Der Kassationshof stellt klar, dass die Rechtskraft eine neue Klage nicht blockiert, wenn nachträgliche Ereignisse die Situation verändern. In der Wohnungseigentümergemeinschaft stellt eine nach einem ersten Unzulässigkeitsurteil erteilte Ermächtigung des Verwalters ein neues rechtliches Ereignis dar. Eine Entscheidung, die jeder Wohnungseigentümer kennen sollte.

Referenzentscheidung: cc • Nr. 09-14.737 • 2010-05-06 • Entscheidung einsehen →

Stellen Sie sich vor: Sie sind Wohnungseigentümer in einer Residenz in Castelsarrasin. Der Verwalter erhebt Klage gegen den Bauträger wegen Mängeln. Das Gericht weist Sie ab, weil der Verwalter keine Genehmigung der Eigentümerversammlung für die Klage hatte. Einige Monate später stimmt die Eigentümerversammlung dieser Ermächtigung zu. Können Sie den Prozess wieder aufnehmen? Die Antwort lautet ja, so der Kassationshof. Diese Entscheidung vom 6. Mai 2010 klärt einen grundlegenden Punkt: Die Rechtskraft (die Endgültigkeit eines Urteils) kann nicht geltend gemacht werden, wenn neue Tatsachen eingetreten sind. Für Wohnungseigentümer, Verwalter und sogar vermietende Eigentümer ist das eine Erleichterung. Aber Vorsicht, nicht alles ist erlaubt. Analyse.

Der Sachverhalt: Eine Geschichte, wie sie täglich vorkommt

Die Wohnungseigentümergemeinschaft einer Residenz in Béziers (ja, nicht in Moissac, aber der Mechanismus ist identisch) verklagte Gesellschaften und deren Versicherer wegen Baufehlern. Erste Klage: Das Tribunal de grande instance de Béziers erklärt sie für unzulässig, da der Verwalter nicht von der Eigentümerversammlung zur Klageerhebung ermächtigt worden war (gemäß Artikel 55 des Dekrets vom 17. März 1967). Das ist ein Klassiker: Der Verwalter kann ohne zustimmenden Beschluss keine Klage im Namen der Gemeinschaft einleiten.

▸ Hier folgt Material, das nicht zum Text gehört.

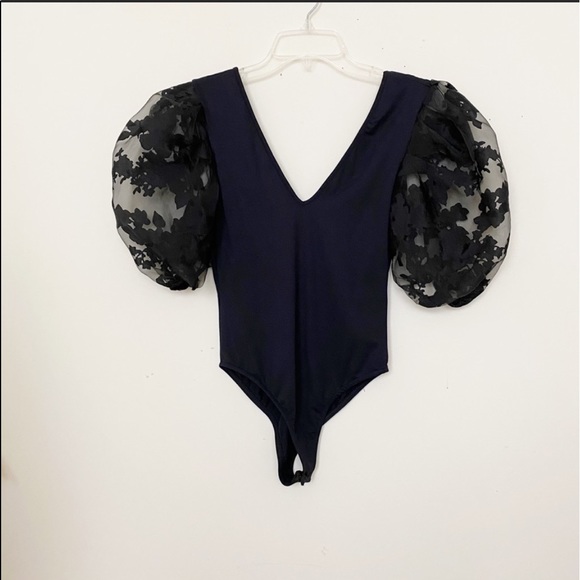 Zara embroidery sheer balloon sleeves bodysuit - Picture 8 of 9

Nach diesem Urteil stimmt die Eigentümerversammlung einer speziellen Ermächtigung zu. Gestärkt durch dieses neue grüne Licht verklagt die Gemeinschaft dieselben Beklagten erneut wegen derselben Tatsachen. Die Beklagten wenden daraufhin die Rechtskraft ein: „Sie wurden bereits abgewiesen, die Sache ist abgeschlossen.“ Das Berufungsgericht gibt ihnen recht und befindet, dass die nachträgliche Ermächtigung kein neues rechtliches Ereignis darstellt. Aber der Kassationshof hebt dieses Urteil auf: Er erinnert daran, dass die Rechtskraft (Artikel 1351 des Code civil, heute Artikel 1355) nur gilt, wenn der geforderte Gegenstand derselbe ist, die Klage auf demselben Grund beruht und zwischen denselben Parteien besteht. Hier hat sich der Grund geändert: Vorher war der Verwalter nicht ermächtigt; nachher ist er es. Das ist ein neues Ereignis, das eine erneute Anrufung des Gerichts rechtfertigt.

Die Begründung des Gerichts – aufgeschlüsselt

Die rechtliche Grundlage ist der alte Artikel 1351 des Code civil (seit der Reform 2016 Artikel 1355). Dieser Text bestimmt, dass „die Rechtskraft nur in Bezug auf das eintritt, was Gegenstand des Urteils war. Es ist erforderlich, dass der geforderte Gegenstand derselbe ist; dass die Klage auf demselben Grund beruht; dass die Klage zwischen denselben Parteien und von ihnen und gegen sie in derselben Eigenschaft erhoben wird.“

Klar gesagt: Damit ein endgültiges Urteil einen neuen Prozess verhindert, müssen drei Bedingungen erfüllt sein: gleicher Gegenstand, gleicher Rechtsgrund, gleiche Parteien. Hier war der Grund nicht mehr derselbe: Die erste Klage war mangels Ermächtigung unzulässig; die zweite war zulässig, weil die Ermächtigung vorlag. Die Tatsacheninstanz (Berufungsgericht) hatte den Fehler gemacht, die Ermächtigung nicht als neue Tatsache zu betrachten. Der Kassationshof stellt das Recht wieder her: Ein nachträgliches Ereignis, das die rechtliche Situation der Parteien ändert (hier die Erlangung einer Genehmigung), ist eine neue Tatsache, die eine Abweichung von der Rechtskraft erlaubt.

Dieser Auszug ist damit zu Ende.